In fairness to Mrs Neal we have explored the possibility of her seeking permission to appeal out of time, indicating that it had insuperable difficulties. Even if she did formally seek permission to appeal I would have been bound to refuse it, not because it was made out of time but because it would have had no real prospect of success. The finding of the deputy district judge was one which was well within his power to make; indeed it was one which, on the documents I have read, was almost inevitable.
Thus I proceed upon a basis that the contract was made in terms of the sole agency and I turn therefore to the appeal that is launched by Nicholas Prestige Homes.
They lost below because the deputy district judge concluded that they were not the party who had introduced the purchaser to the purchase following the Foxtons case. They had not been given permission to appeal that, and so that claim has been lost.

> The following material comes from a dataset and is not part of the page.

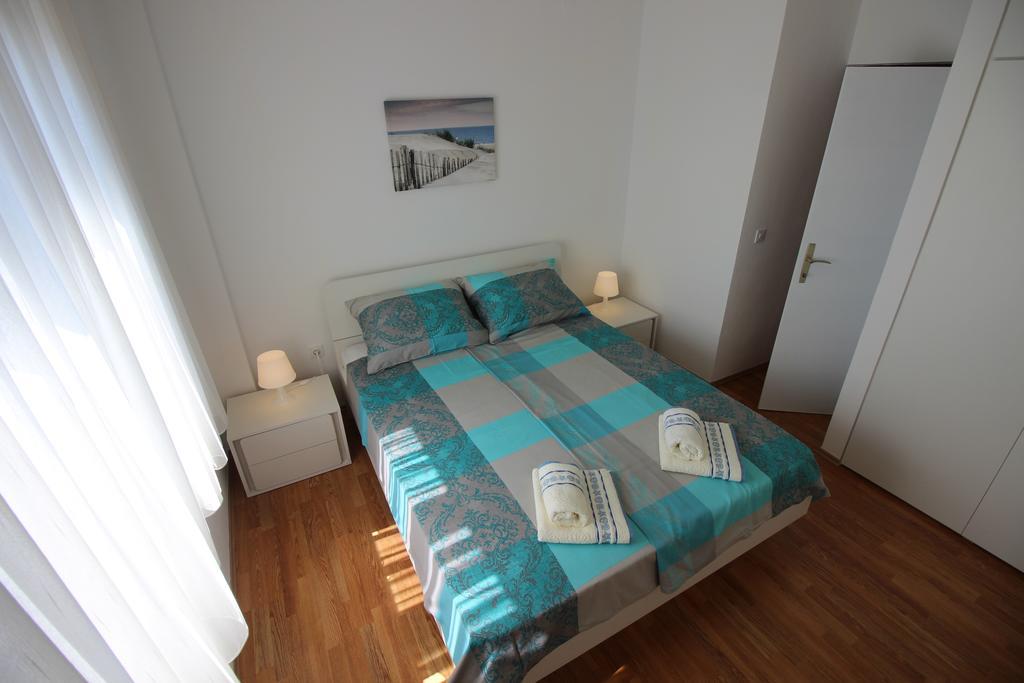 Apartments Nikola Новий Винодольський Екстер'єр фото
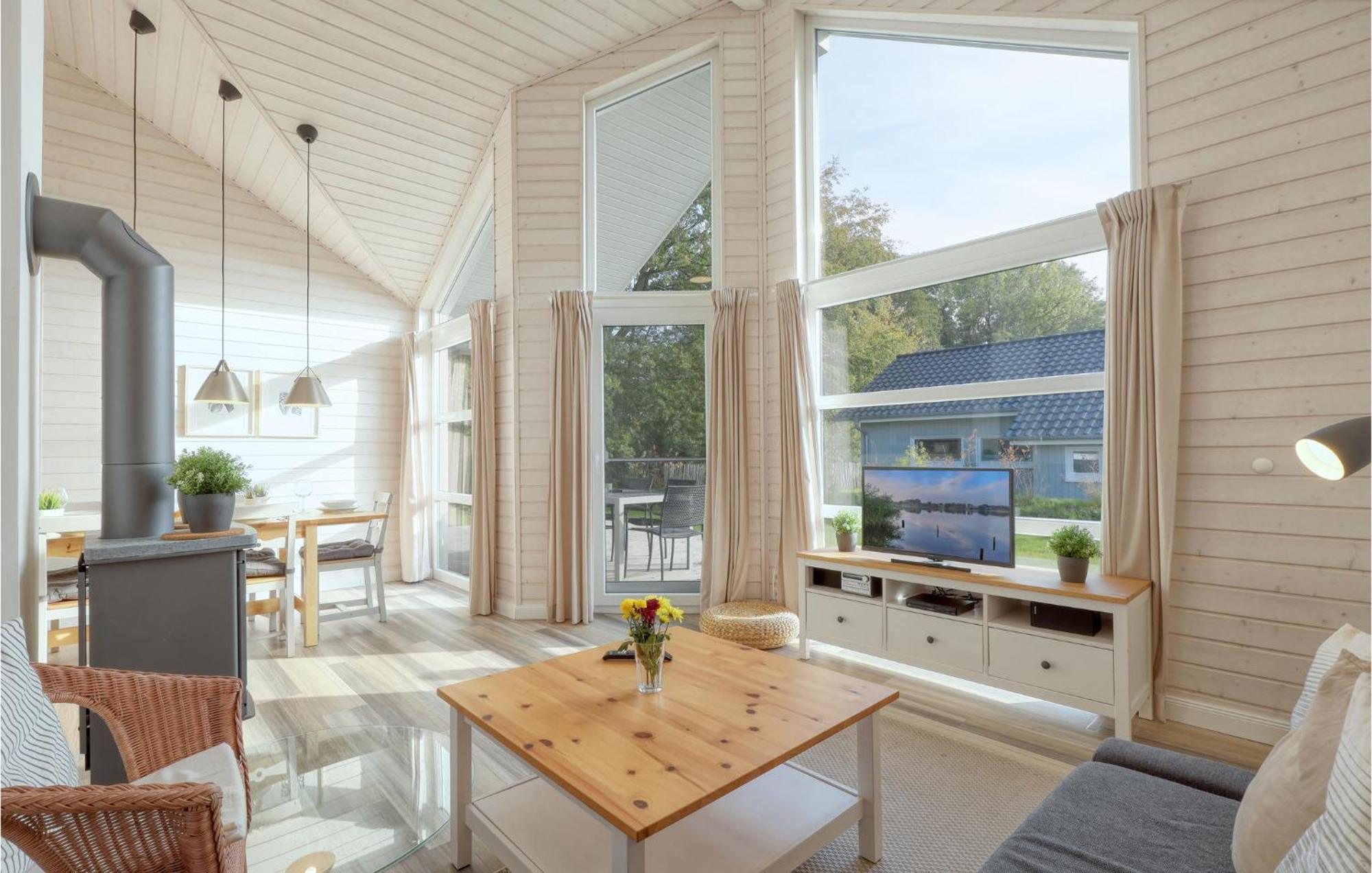 Stunning Home In Krems Ii-Warderbrueck With Wifi Gols Екстериор снимка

When I began the judgment I indicated that this was an unusual case and its unusual feature is that the claim pleaded in the first place was a claim for commission for debt, but by paragraph 8 of the particulars of claim an alternative claim was made: that the claimant claimed damages for breach of contract in the amount of £10,883.44 commission, which it would have received on the sale of the property to Ms Wooller and Mr Durham, being the eventual purchasers, had the defendant not instructed Plumm Properties either in the sole agency period at all or specifically on the sale.
That alternative claim was clearly made in the particulars of claim, and the curious feature of the case is that it was not referred to at all by the deputy district judge. Why not? I simply do not know.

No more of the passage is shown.